Ce texte raconte comment notre charisme, tel un fleuve - tantôt puissant, tantôt hésitant, tantôt agité, voire débordant de ses rives - a cherché et trouvé son chemin dans le monde et l’Eglise d’aujourd’hui...
Le fleuve de notre Tradition a trouvé son lit pour notre temps dans ces nouvelles Constitutions. Il nous revient d’accueillir, de Corps et de Cœur, cette EAU VIVE. Alors sur les rives de ce fleuve pousseront toutes sortes d’arbres fruitiers ». ’

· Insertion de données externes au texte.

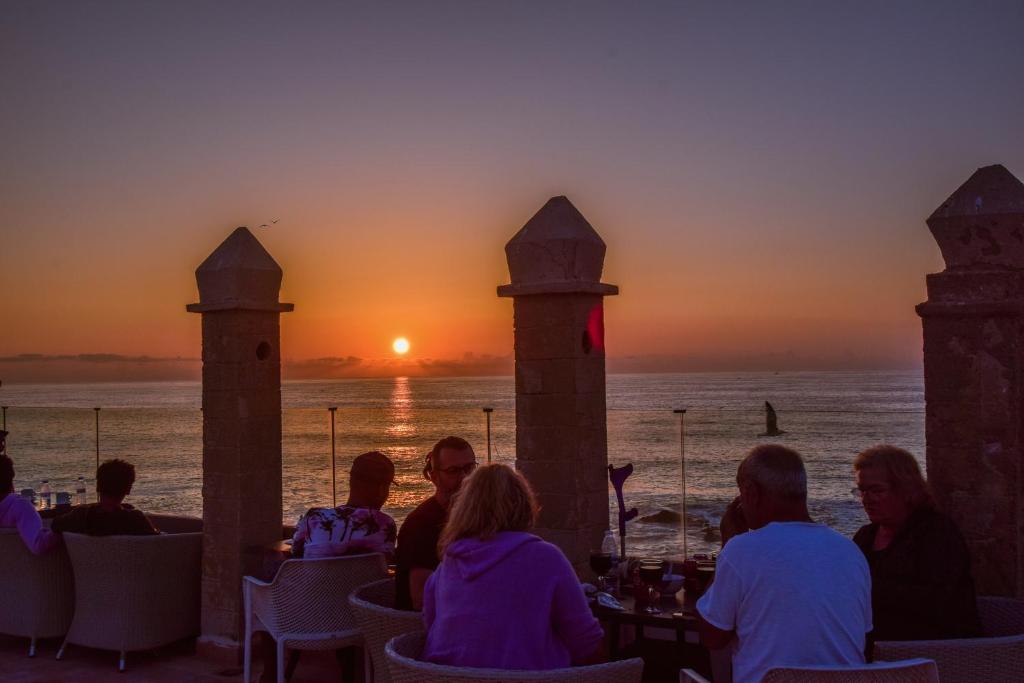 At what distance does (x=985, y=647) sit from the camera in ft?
8.75

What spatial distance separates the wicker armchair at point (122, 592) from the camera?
5.20 m

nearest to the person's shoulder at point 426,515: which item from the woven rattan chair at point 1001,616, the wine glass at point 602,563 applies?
the wine glass at point 602,563

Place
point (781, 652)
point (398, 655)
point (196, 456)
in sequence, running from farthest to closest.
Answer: point (196, 456) < point (398, 655) < point (781, 652)

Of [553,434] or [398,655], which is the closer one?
[398,655]

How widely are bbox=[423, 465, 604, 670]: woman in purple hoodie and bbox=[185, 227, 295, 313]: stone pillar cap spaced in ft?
10.3

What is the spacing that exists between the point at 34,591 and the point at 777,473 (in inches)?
187

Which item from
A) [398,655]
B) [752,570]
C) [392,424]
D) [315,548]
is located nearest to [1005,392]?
[752,570]

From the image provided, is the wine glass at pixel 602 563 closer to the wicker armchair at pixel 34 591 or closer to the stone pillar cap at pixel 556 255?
the stone pillar cap at pixel 556 255

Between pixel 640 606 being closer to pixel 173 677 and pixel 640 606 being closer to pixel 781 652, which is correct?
pixel 781 652

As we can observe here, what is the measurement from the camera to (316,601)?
4.08 m

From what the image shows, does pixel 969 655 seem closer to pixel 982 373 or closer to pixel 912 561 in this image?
pixel 912 561

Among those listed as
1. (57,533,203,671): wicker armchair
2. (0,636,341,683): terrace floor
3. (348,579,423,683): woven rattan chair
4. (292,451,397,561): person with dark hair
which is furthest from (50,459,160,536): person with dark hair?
(348,579,423,683): woven rattan chair

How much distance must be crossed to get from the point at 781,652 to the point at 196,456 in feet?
134

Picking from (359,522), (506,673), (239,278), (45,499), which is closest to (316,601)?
(359,522) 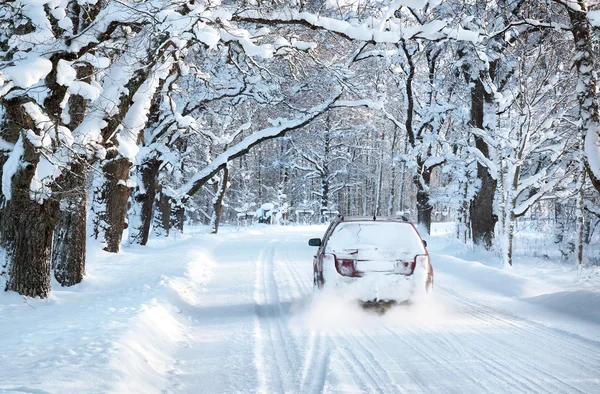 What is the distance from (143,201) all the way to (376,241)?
35.4 ft

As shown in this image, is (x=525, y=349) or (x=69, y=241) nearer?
(x=525, y=349)

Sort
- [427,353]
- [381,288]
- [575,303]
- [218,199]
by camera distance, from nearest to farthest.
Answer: [427,353], [381,288], [575,303], [218,199]

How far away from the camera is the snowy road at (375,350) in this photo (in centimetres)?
507

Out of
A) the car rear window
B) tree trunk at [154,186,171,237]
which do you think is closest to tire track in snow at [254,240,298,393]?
the car rear window

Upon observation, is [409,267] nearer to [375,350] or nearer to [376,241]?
[376,241]

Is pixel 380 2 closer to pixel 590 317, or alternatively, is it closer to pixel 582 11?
pixel 582 11

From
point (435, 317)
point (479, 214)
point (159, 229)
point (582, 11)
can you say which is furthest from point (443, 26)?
point (159, 229)

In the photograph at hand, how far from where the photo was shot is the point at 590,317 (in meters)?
8.13

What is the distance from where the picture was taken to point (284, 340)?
681 cm

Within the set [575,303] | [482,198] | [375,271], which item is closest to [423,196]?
[482,198]

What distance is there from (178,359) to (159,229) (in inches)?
735

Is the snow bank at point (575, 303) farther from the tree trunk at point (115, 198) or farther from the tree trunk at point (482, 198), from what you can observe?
the tree trunk at point (115, 198)

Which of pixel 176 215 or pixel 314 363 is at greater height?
pixel 176 215

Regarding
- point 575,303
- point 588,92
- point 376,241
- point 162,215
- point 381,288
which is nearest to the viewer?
point 381,288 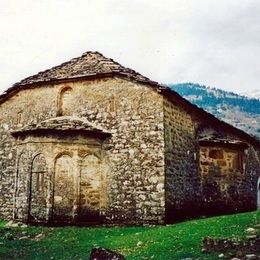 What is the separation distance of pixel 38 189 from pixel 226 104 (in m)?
104

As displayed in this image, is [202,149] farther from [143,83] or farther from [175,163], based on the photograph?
[143,83]

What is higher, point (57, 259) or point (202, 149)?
point (202, 149)

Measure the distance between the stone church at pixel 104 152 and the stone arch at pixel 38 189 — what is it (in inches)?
1.4

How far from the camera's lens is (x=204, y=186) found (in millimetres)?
17578

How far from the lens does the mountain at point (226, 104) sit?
10612cm

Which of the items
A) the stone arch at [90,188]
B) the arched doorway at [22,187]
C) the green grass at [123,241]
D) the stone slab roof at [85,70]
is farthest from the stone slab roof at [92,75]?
the green grass at [123,241]

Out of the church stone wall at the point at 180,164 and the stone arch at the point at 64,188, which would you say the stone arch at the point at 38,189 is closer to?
the stone arch at the point at 64,188

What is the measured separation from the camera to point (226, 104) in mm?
113062

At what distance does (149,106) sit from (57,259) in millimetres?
7251

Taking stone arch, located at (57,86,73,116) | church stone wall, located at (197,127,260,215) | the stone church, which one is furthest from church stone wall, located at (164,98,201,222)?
stone arch, located at (57,86,73,116)

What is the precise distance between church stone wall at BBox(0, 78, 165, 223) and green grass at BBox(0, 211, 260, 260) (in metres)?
1.42

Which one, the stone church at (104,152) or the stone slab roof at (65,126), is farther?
the stone slab roof at (65,126)

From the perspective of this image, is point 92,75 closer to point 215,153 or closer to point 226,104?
point 215,153

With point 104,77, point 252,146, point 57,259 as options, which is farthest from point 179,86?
point 57,259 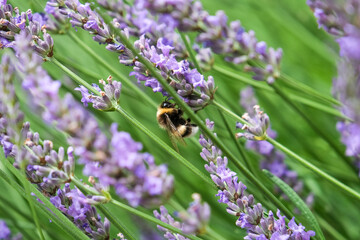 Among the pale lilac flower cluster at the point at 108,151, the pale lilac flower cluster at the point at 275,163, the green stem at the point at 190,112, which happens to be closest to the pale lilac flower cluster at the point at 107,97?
the green stem at the point at 190,112

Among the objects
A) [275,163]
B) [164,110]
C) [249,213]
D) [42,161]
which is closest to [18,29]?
[42,161]

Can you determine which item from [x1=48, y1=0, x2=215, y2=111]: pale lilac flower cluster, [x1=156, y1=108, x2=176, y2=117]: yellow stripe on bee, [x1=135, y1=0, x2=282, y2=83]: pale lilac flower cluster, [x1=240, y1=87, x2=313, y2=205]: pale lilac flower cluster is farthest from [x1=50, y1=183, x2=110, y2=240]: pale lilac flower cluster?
[x1=240, y1=87, x2=313, y2=205]: pale lilac flower cluster

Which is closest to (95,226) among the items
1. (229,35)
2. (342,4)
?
(229,35)

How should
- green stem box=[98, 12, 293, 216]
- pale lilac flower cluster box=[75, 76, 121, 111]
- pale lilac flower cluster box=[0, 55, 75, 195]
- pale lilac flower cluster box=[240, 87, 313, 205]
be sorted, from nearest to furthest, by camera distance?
pale lilac flower cluster box=[0, 55, 75, 195], green stem box=[98, 12, 293, 216], pale lilac flower cluster box=[75, 76, 121, 111], pale lilac flower cluster box=[240, 87, 313, 205]

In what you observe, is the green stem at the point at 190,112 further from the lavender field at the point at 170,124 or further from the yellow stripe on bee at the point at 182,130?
the yellow stripe on bee at the point at 182,130

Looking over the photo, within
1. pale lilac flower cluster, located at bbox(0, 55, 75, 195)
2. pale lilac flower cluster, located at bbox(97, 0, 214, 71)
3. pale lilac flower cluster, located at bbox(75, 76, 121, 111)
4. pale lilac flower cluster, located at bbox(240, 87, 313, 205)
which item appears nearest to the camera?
pale lilac flower cluster, located at bbox(0, 55, 75, 195)

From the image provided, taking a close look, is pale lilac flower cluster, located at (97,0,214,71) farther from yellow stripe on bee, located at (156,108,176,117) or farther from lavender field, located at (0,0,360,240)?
yellow stripe on bee, located at (156,108,176,117) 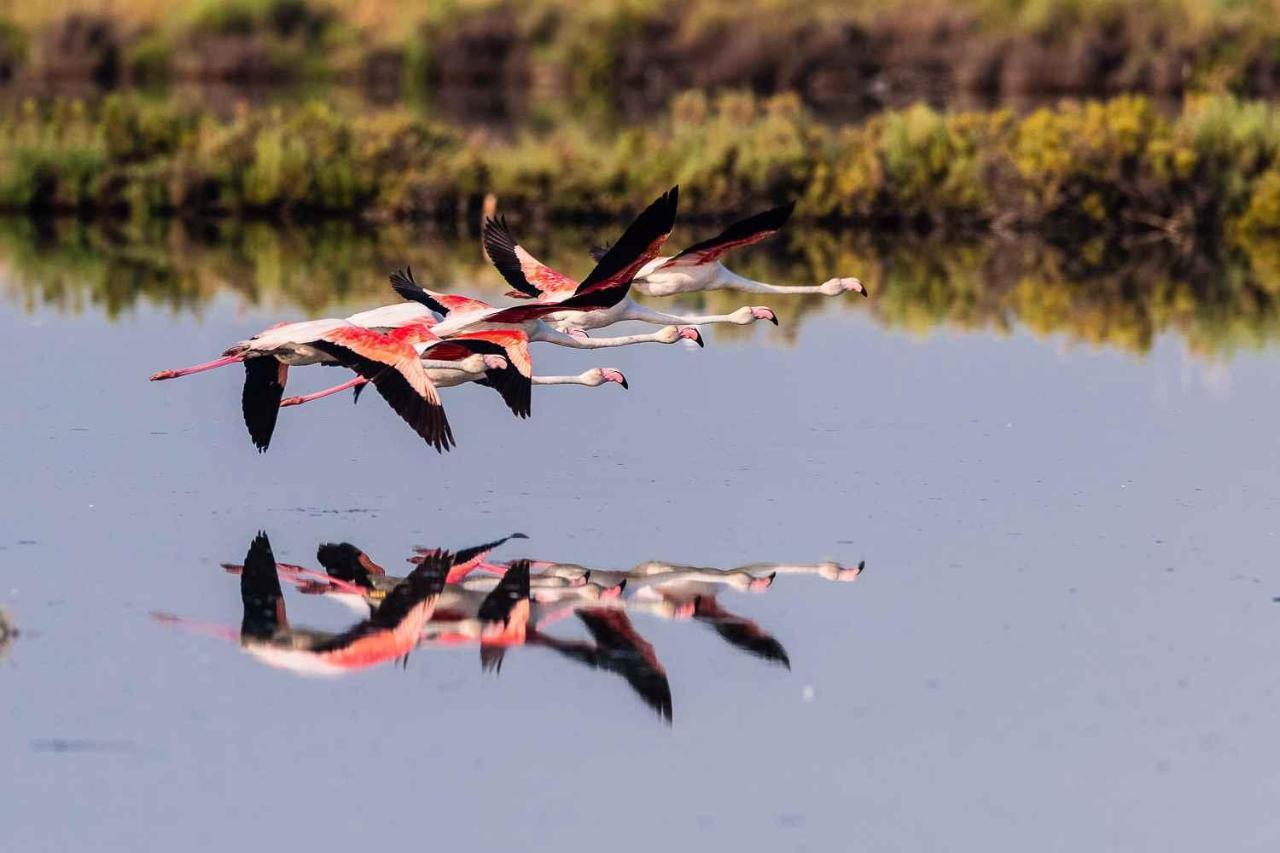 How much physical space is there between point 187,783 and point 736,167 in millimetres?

Par cette image, le charisme cistercien s’enracine dans la parole biblique. Toutefois, l’immédiateté de la comparaison établie entre la Tradition cistercienne et le fleuve d’eau vive de l’Apocalypse peut questionner. L’image est enclose dans le cadre monastique. La contextualisation biblique affleure, néanmoins, et permet à celle-ci de ne pas s’y bloquer ou de s’y réduire. Là encore, nous voyons que le pouvoir de la métaphore n’est pas magique. Ses effets dépendent du rapport entretenu, par l’imaginaire collectif, avec la métaphore vive et la culture environnante. Notons d’ailleurs que le recours à l’image du fleuve correspond à l’objectif de la lettre : favoriser une bonne réception du texte. De plus, pour être en mesure d’apporter une juste appréciation, ces propos demanderaient à être resitués dans un ensemble textuel significatif. Ce qui n’est pas notre propos. Cet exemple illustre le fait que la culture ecclésiale véhicule ce symbole biblique quand ce dernier apparaît dans la dynamique de refondation de la Société du Sacré-Cœur. Voyons-en, maintenant, les effets sur l’éthique congrégationnelle.

Notes
801.

Lettre 23, 14.11.1976, ibid., p. 56.

802.

Lettre 26, 25 mai 1977, ibid., p.65.

803.

Société du Sacré-Cœur, Chapitre de 1976, Rome, p. 42.

804.

Cela, à en juger aussi par ces propos : "Dans le paysage simple, calme et serein, tant de fois contemplé par Sainte Madeleine-Sophie, j'ai mieux compris cette sérénité de qui vit dans la foi, et cette simplicité qu'elle a voulues pour notre spiritualité", ibid., p.64.

805.

ibid., p.65.

806.

Lettre 3, 25 mars 1980, ibid., p.95-96.

807.

"Je voudrais aussi vous demander dans cette lecture, dit C. Camacho, d'essayer d'entrer dans la dimension internationale de notre Congrégation qui veut exprimer sa mission dans les perspectives de l'Eglise universelle", ibid., p.96.

808.

Lettre 46, 4 mai 1982, ibid., p.116 à 118.

809.

Nous verrons, ci-après, qu'il s'agit d'être capables de recevoir la nouvelle visée éducative comme l'interprétation fidèle de celle du plan fondateur.

810.

C'est-à-dire, comme Sophie Barat aurait pu le faire elle-même, au contact des réalités.

811.

Nous avons scindé le paragraphe en trois parties de manière à en faire apparaître la force du contenu.

812.

Le passage de cette lettre semble avoir inspiré le texte "Le Monde des jeunes" du Chapitre général de 1988.

813.

Cette citation est prise dans le livre des Constitutions rédigé en 1815. Elle est comme le joyau de famille qui symbolise à lui seul l'identité d'une forme d'une vie évangélique.

814.

Apocalypse 21,2

815.

Isaïe, 55, 1.

816.

L'expression se trouve dans la lettre 13, du 1.07.1973 :"croire sans cesse davantage au pouvoir secret de notre vocation commune, redécouvrir avec une joie nouvelle le "trésor caché" de son Cœur", ibidem, p.31.

817.

Yvo Dujardin, Accueillir nos Constitutions, Collectianea Cisterciensia, n°48 (1986), p.28.